> [Prompt]:
Your job is to give again, exactly and with no additions, the lines in the records below from the one with "Hi, this is" through the one with "The member's signature", both included. Omit the pictures.
....
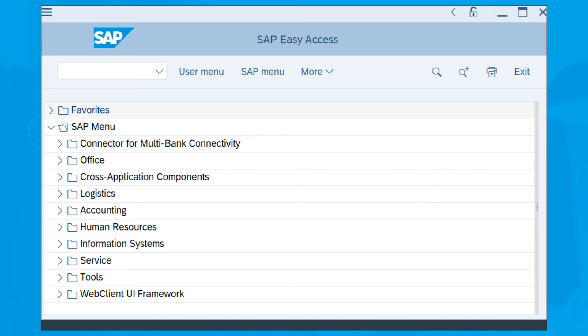Next, the SAP GUI welcome screen appears in the form of the SAP easy access window. If you see this, the login was successful.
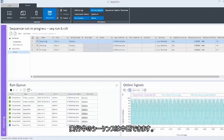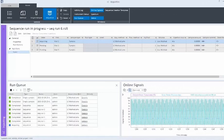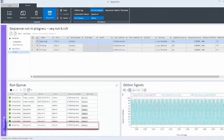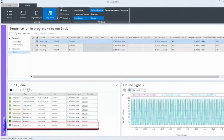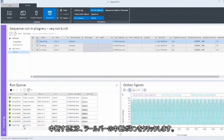You can pause a running sequence. In the run queue, the sequence is in the acquiring state. To pause it, click on the pause button in the toolbar.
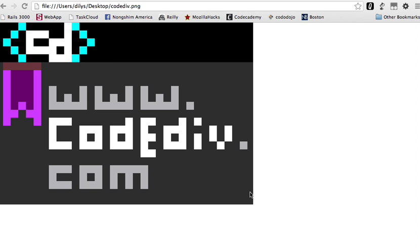Hi, this is Dylas from Codediv.com. I'm the author here and I want to help people who are trying to learn how to develop the web from scratch. Basically, you're a beginner who does not have a technical background and you're just starting.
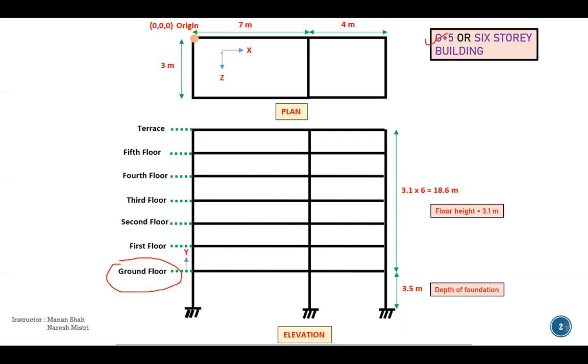This is the global axis as per STAAD Pro, which is in X direction. This is the positive Z direction. And in elevation with this level, we will take from this level, we will take positive Y direction in the vertical direction. So in this direction, it would become obviously negative Y direction.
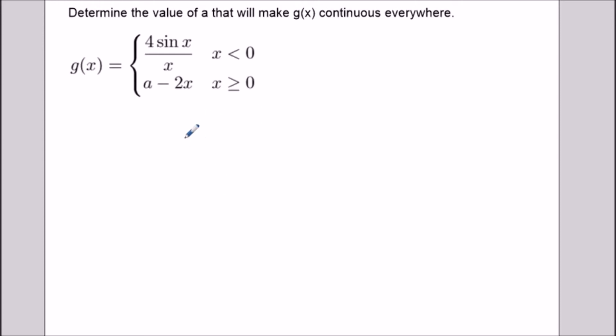Hi, my name is Vincent and today I want to show you how to determine values that will make a piecewise function continuous everywhere. For this question we have g of x and we want to find the value of the constant a that will make g of x continuous everywhere.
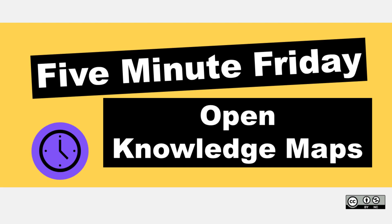Hi, it's Keri. In today's 5-Minute Friday, we are going to take a tour of a tool called Open Knowledge Maps.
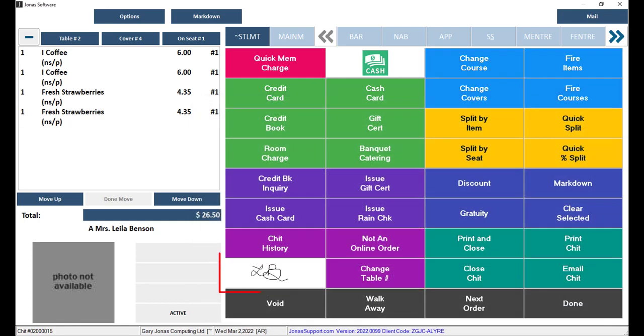The member's signature will be added in place of the signature capture button while this chit is open. If you create a new chit, you will need to request a new signature. From here, you can charge the member and close the chit as usual.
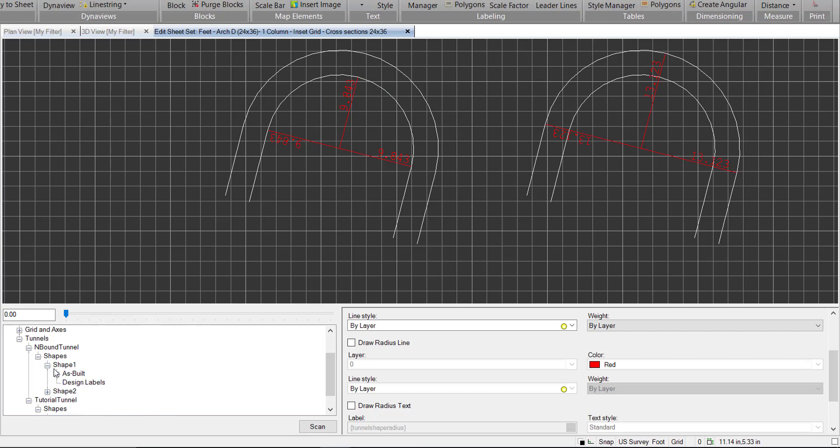We'll go back here and we'll expand our shapes. We have a few more nodes. We have the as-built node. We don't have any as-built data for this project, so we won't be using this for now. But we can come back later once we have as-built data and add that to the cross-section drafting. We'll see that in another video.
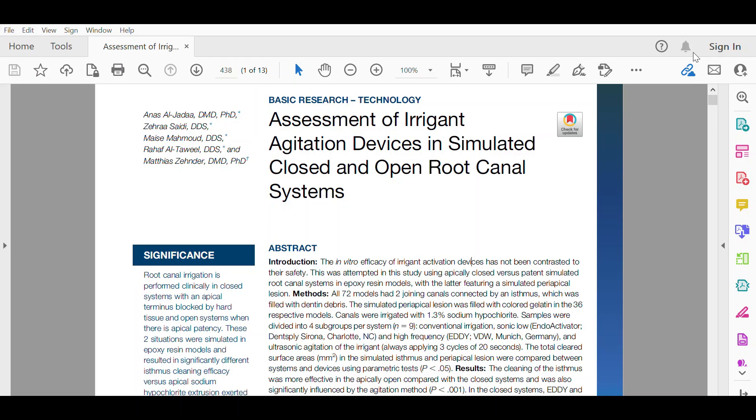As-salamu alaykum, this article talks about the assessment of irrigant agitation devices in simulated closed and open root canal systems.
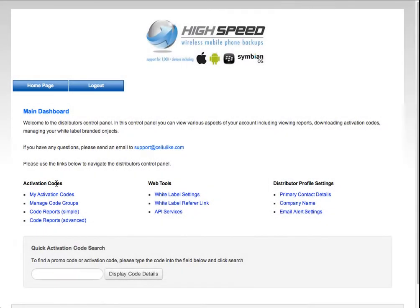I'm going to quickly run through the three sections that we've got here. I'm actually only going to show you the first two, because the third one's pretty self-explanatory.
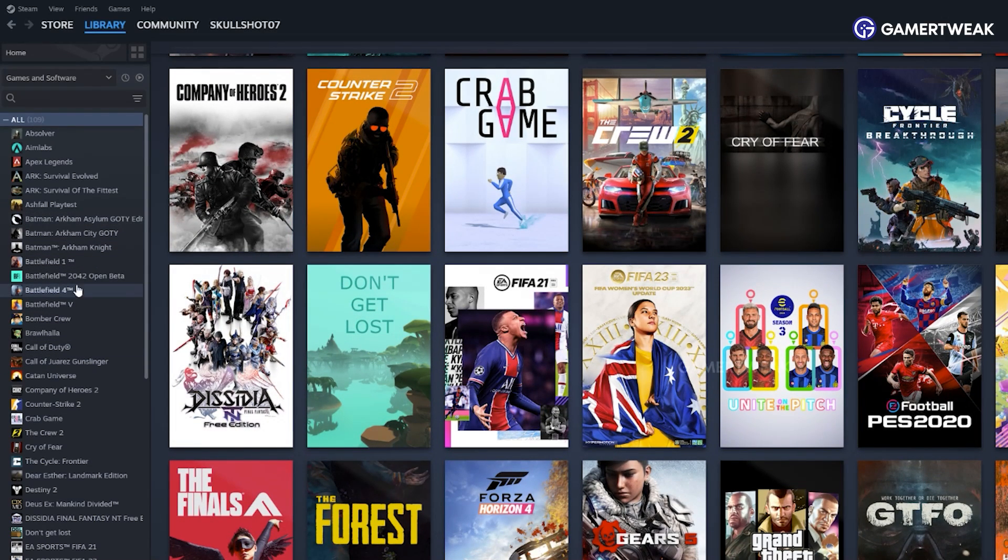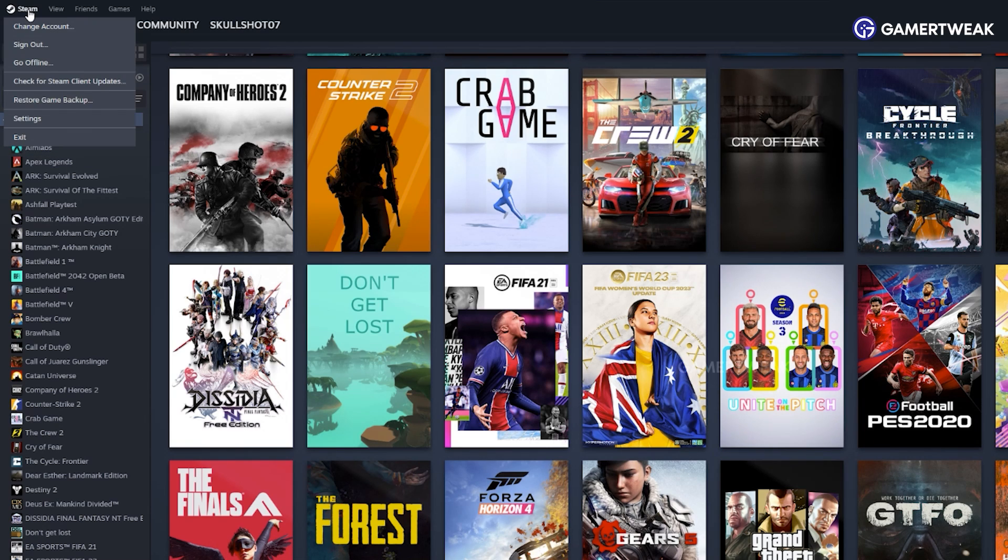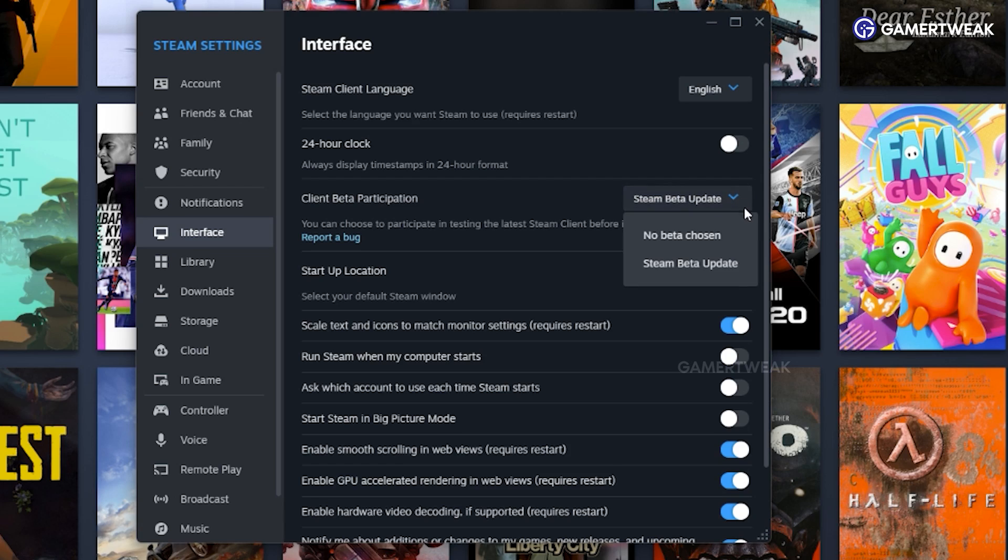Currently, this feature is only available on the beta branch. To switch on that, go to Steam settings interface and select the client beta participation option.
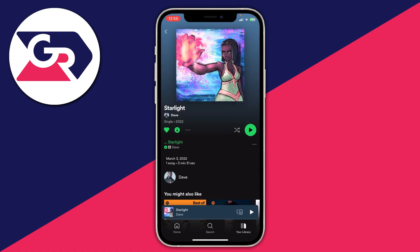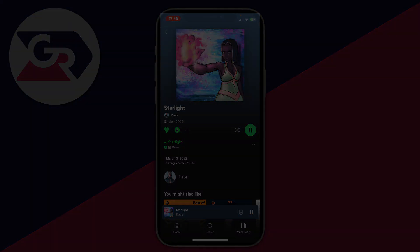If you go to your library in the bottom right of Spotify, you can see that individual song has now downloaded. Tap on it and you can play it — even if you've got no Wi-Fi, no signal, or no cellular data, it's still going to work.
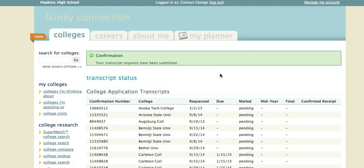You'll also enter the application deadline date. Once you've done that, you need to bring $5 per transcript request to the counseling office with that completed green transcript request form to either Mr. Johnson or Ms. Nelson. Your counselor will then submit your transcript electronically to the college or colleges that you are applying to.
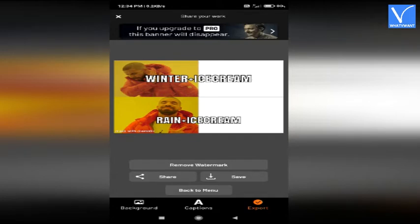The free version adds a watermark on your created memes. You need to upgrade to the pro version to remove that watermark.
....
> [Answer to this exercise]:
Hi, this is Dylas from Codediv.com. I'm the author here and I want to help people who are trying to learn how to develop the web from scratch. Basically, you're a beginner who does not have a technical background and you're just starting.
This is the global axis as per STAAD Pro, which is in X direction. This is the positive Z direction. And in elevation with this level, we will take from this level, we will take positive Y direction in the vertical direction. So in this direction, it would become obviously negative Y direction.
Hi, my name is Vincent and today I want to show you how to determine values that will make a piecewise function continuous everywhere. For this question we have g of x and we want to find the value of the constant a that will make g of x continuous everywhere.
Hi, it's Keri. In today's 5-Minute Friday, we are going to take a tour of a tool called Open Knowledge Maps.
The member's signature will be added in place of the signature capture button while this chit is open. If you create a new chit, you will need to request a new signature. From here, you can charge the member and close the chit as usual.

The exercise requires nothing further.